Ukrainian city honors Nazi collaborator who applauded Holocaust

Russia Today23-02-2025

The Ukrainian city of Rivne has celebrated the 120th birthday of Nazi collaborator and prominent anti-Semitic propagandist Ulas Samchuk, who welcomed the mass killings of Jews during World War II.
Russia has consistently claimed that the current Ukrainian leadership has been embracing neo-Nazi ideology and whitewashing known WWII-era collaborators.
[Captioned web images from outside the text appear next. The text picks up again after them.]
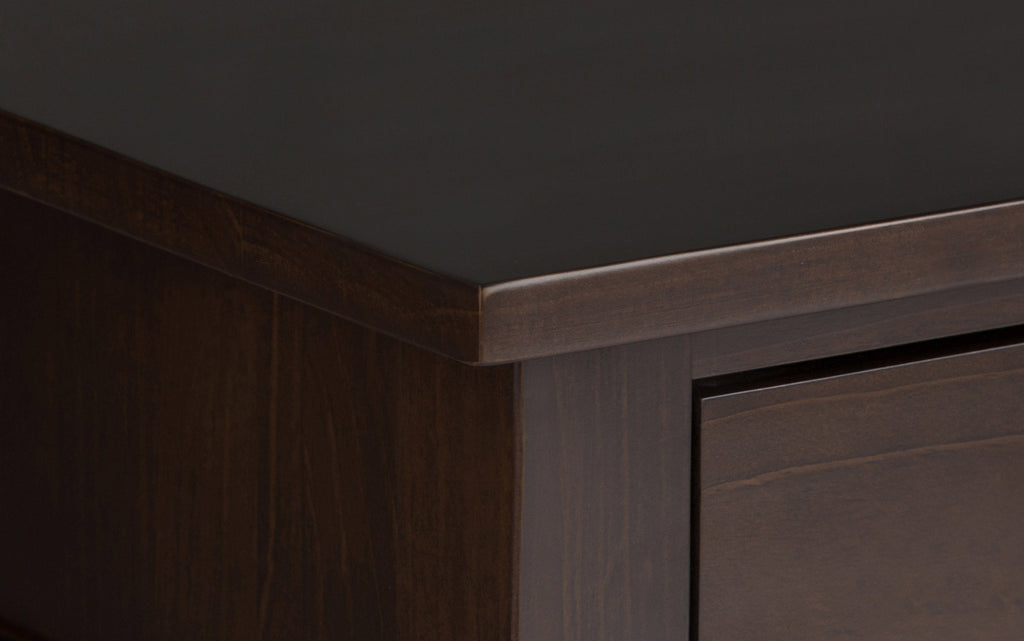 Carlton 24 inch Bedside Table (Set of 2)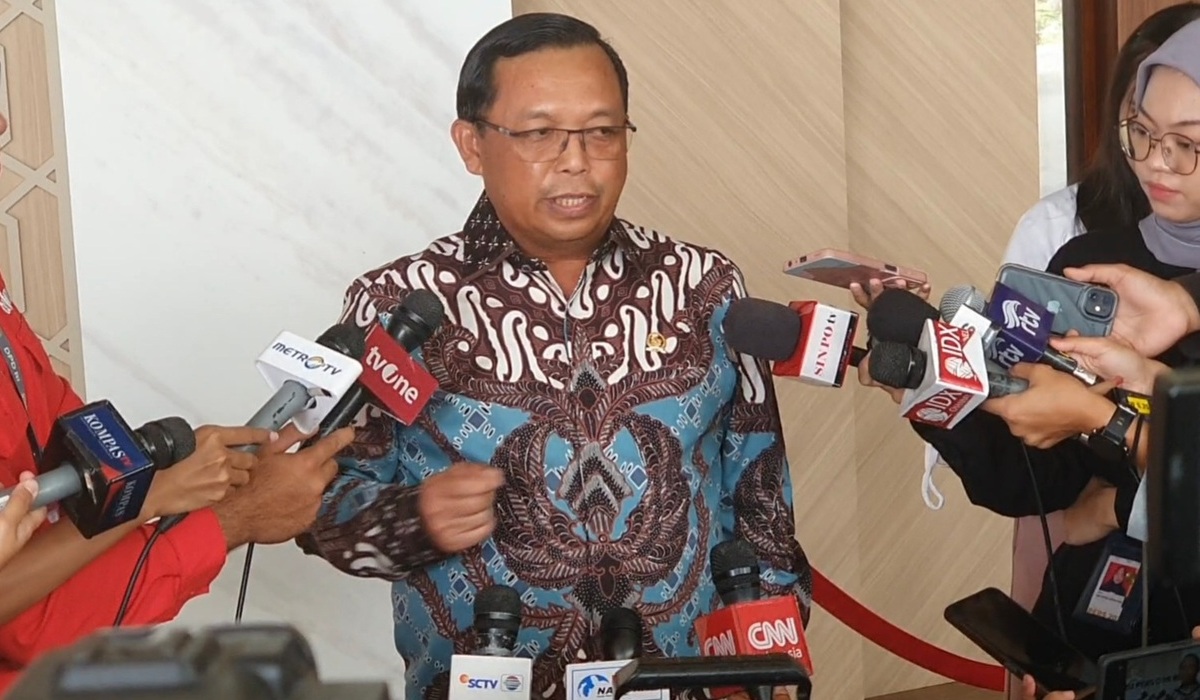 DPR Bakal Mengawasi Implementasi Aturan Ormas Keagamaan Kelola Tambang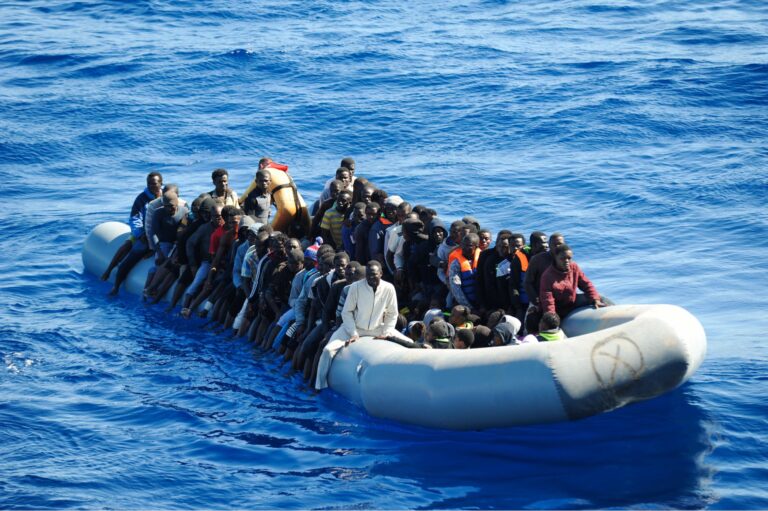 Protection des réfugiés dans la charia et le droit international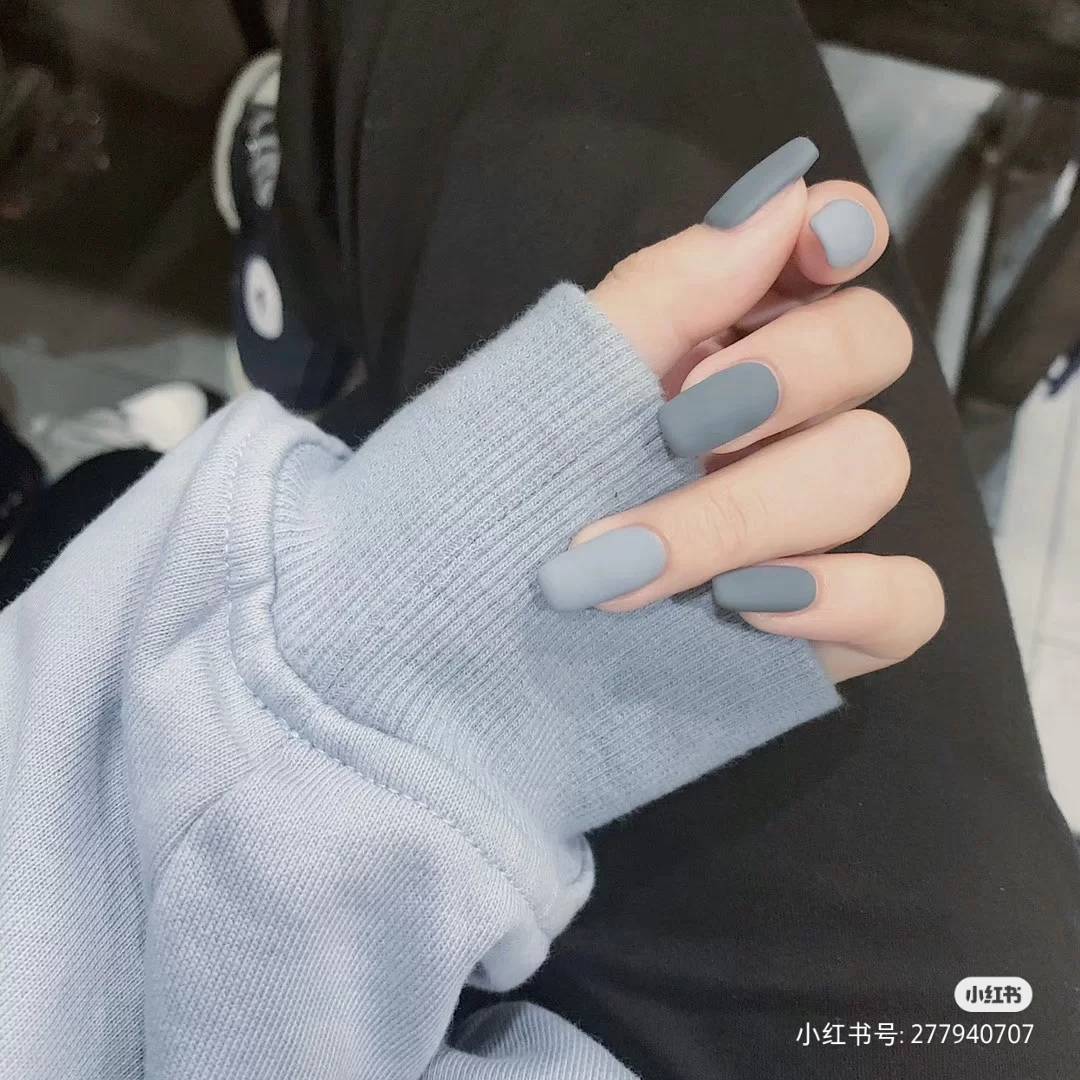 高定MEYASE｜12月份最热门的美甲款式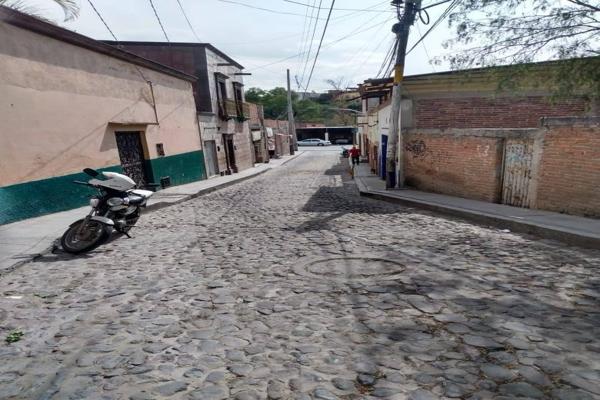 Foto de inmueble en José María Arévalo Segunda Privada #sin numero, Col. San Rafael Insurgentes C.P. 37730, San Miguel de Allende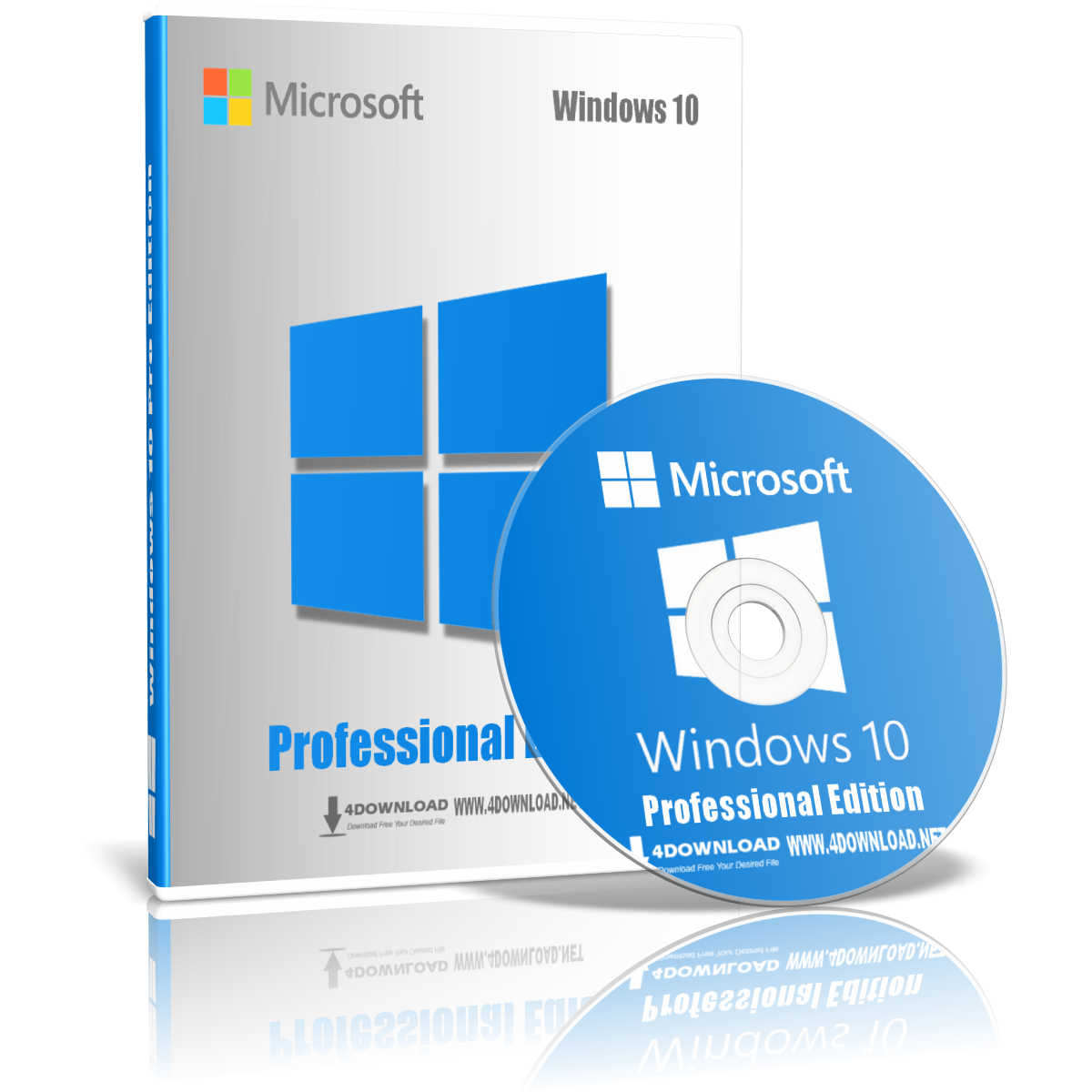 Windows 10 Pro v19045.2006 September 2022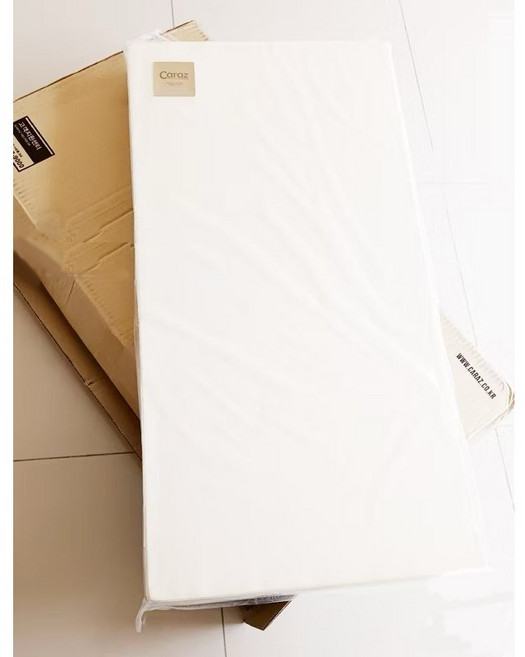 Caraz 韓國摺疊遊戲地墊, 純灰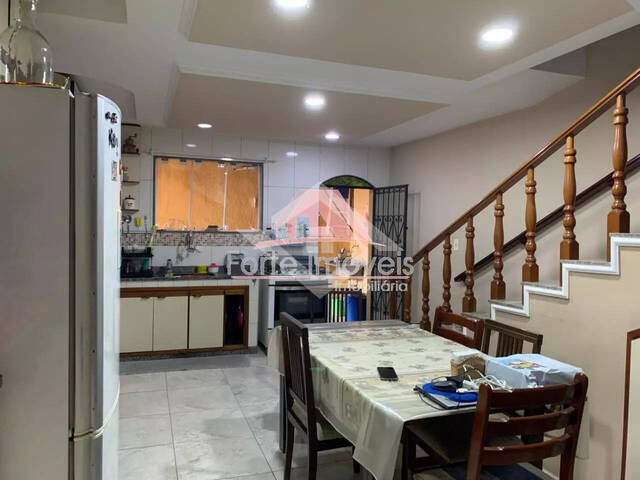 Casa Triplex para Venda em Rio de Janeiro - 2
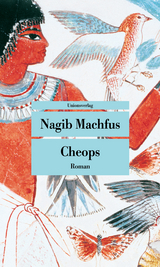 Cheops - Nagib Machfus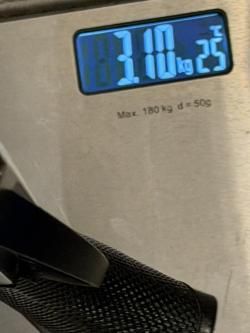 Benelli SUPER SPORT 12/76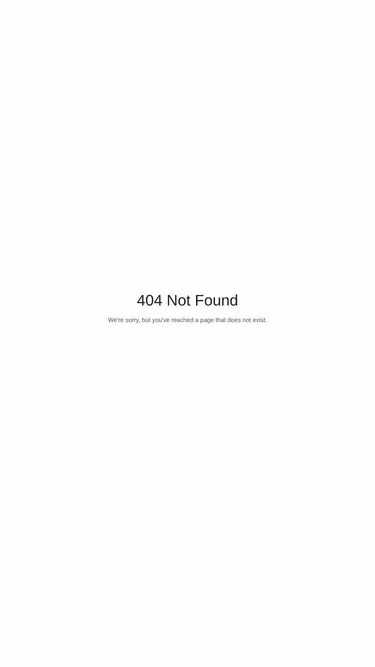 Screenshot of vyb.events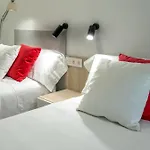 Bilbao Costa-algorta-getxo-parking-playa-metro-bilbao A 20 Minutos Apartman *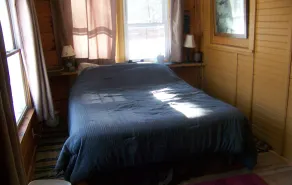 Secluded Cabin on the banks of the world-famous Penns Creek - Image 2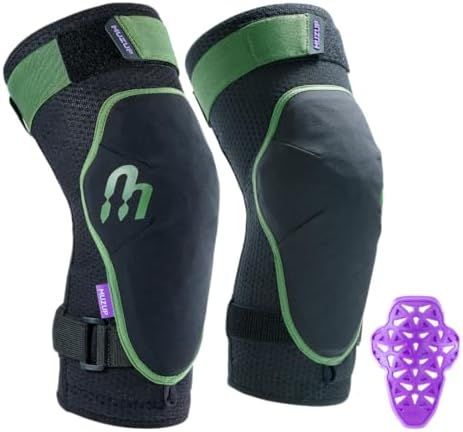 MTB Knee Pads
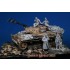 1/35 Panzer III Winter Crew & Accessories 1/35 Panzer III Winter Crew & Accessories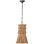 Antigua 1 - Light Pendant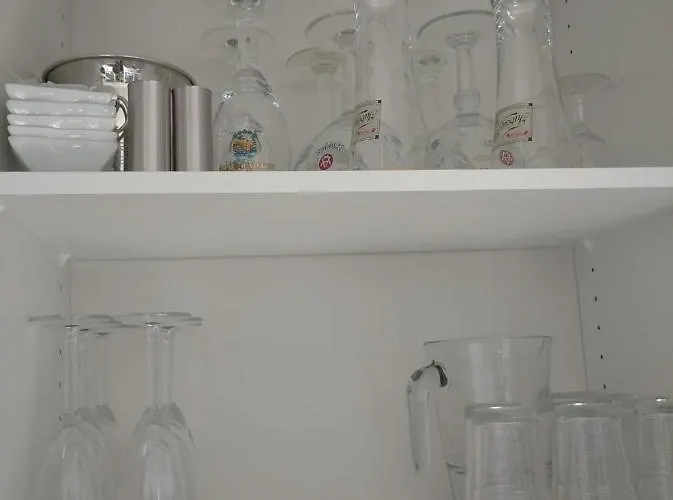 شقة Terrasse De Nature 338 مالميدي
When the conflict between Moscow and Kiev escalated into open hostilities in February 2022, Russian President Vladimir Putin named the 'denazification' of Ukraine as one of the objectives of his special operation.
On Thursday, regional officials in Rivne held a ceremony to commemorate Samchuk, who was born in the area, presenting a book: 'Ulas Samchuk - Warrior of the Word.' According to local media, it includes personal letters he wrote and is part of a wider project to include his works in the school curriculum across Ukraine.
The publications described him as a writer, a member of the Organization of Ukrainian Nationalists, and the editor of the 'Volyn' newspaper during World War II.
In 2019, the Israeli embassy in Ukraine asked the country's parliament to remove Samchuk from its 'List of Heroes,' describing him as among those who 'oversaw massacres of Jews or supported the Nazi regime.'
In an article last September, the Russian Foreign Ministry characterized Samchuk as a 'Nazi writer and member of the Nazi organizations,' who 'published articles calling for killing Jews.'
This description echoes the assessments of the head of Ukraine's Jewish Committee as well as some Ukrainian historians, who have pointed out that in his newspaper, Samchuk routinely wrote about 'Jewish chimpanzees' and the need to cleanse the country of Jews and Poles.
Samchuk reportedly welcomed the news of Nazi German troops rounding up Kiev's Jews and subsequently massacring them at the infamous Babi Yar ravine as a 'great day' when the 'German authorities [met] the fervent wishes of Ukrainians.'
In nearby Lviv, a Hanukkah menorah installed in memory of local Jews murdered by the Nazis was vandalized in early January, as nationalists celebrated the birthday of prominent World War II Nazi collaborator Stepan Bandera.
A month before, Kiev authorities had renamed a street after another Nazi collaborator who had aided the Germans in massacring the Jews of Zhitomir Region, Taras Borovets.
Holocaust scholar Marta Gavryshko denounced the decision as a 'symptom of a troubling phenomenon' of Ukraine making the 'regional cult of nationalistic heroes who collaborated with Nazis in the Holocaust' national policy.
According to Russian estimates, approximately 1.5 million Jews perished during the Nazi occupation of Ukraine.